§ **Exercise prompt**
Could you output the whole listing exactly as it stands, minus any images?

START Supplied information

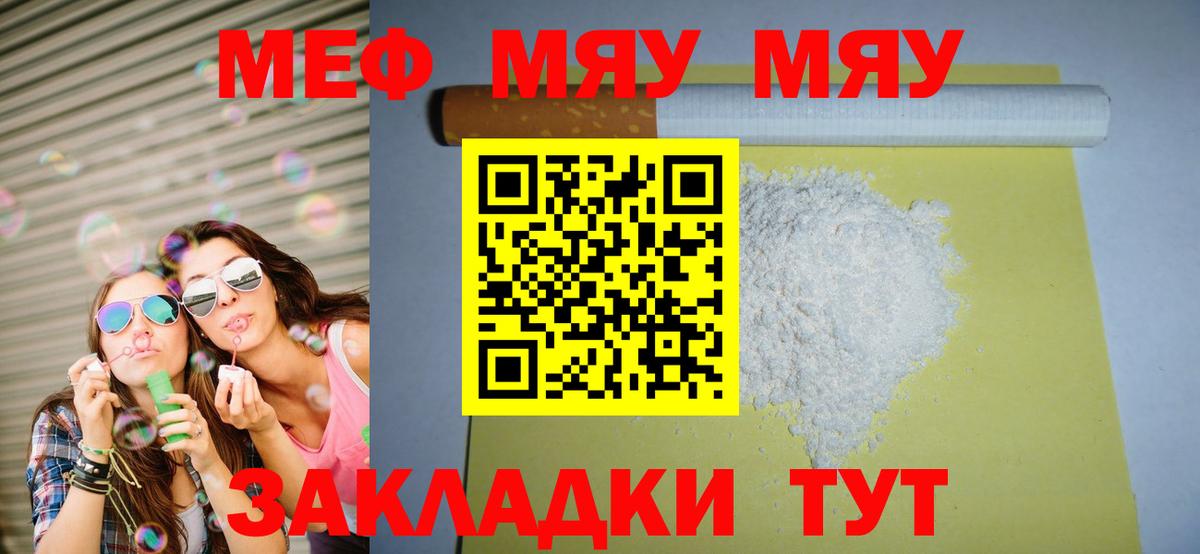 Мефедрон кристаллы Кирово-Чепецк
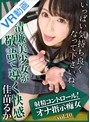 ミニ系 小柄【VR】射精コントロール！オナ指示痴女 vol.10 佳苗るか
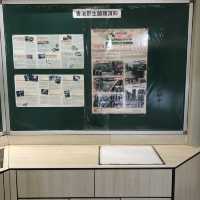 鳥類資料展覽館
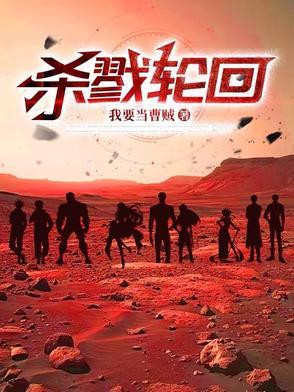 杀戮轮回txt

END Supplied information

§ **Written answer**
 Мефедрон кристаллы Кирово-Чепецк
 ミニ系 小柄【VR】射精コントロール！オナ指示痴女 vol.10 佳苗るか
 鳥類資料展覽館
 杀戮轮回txt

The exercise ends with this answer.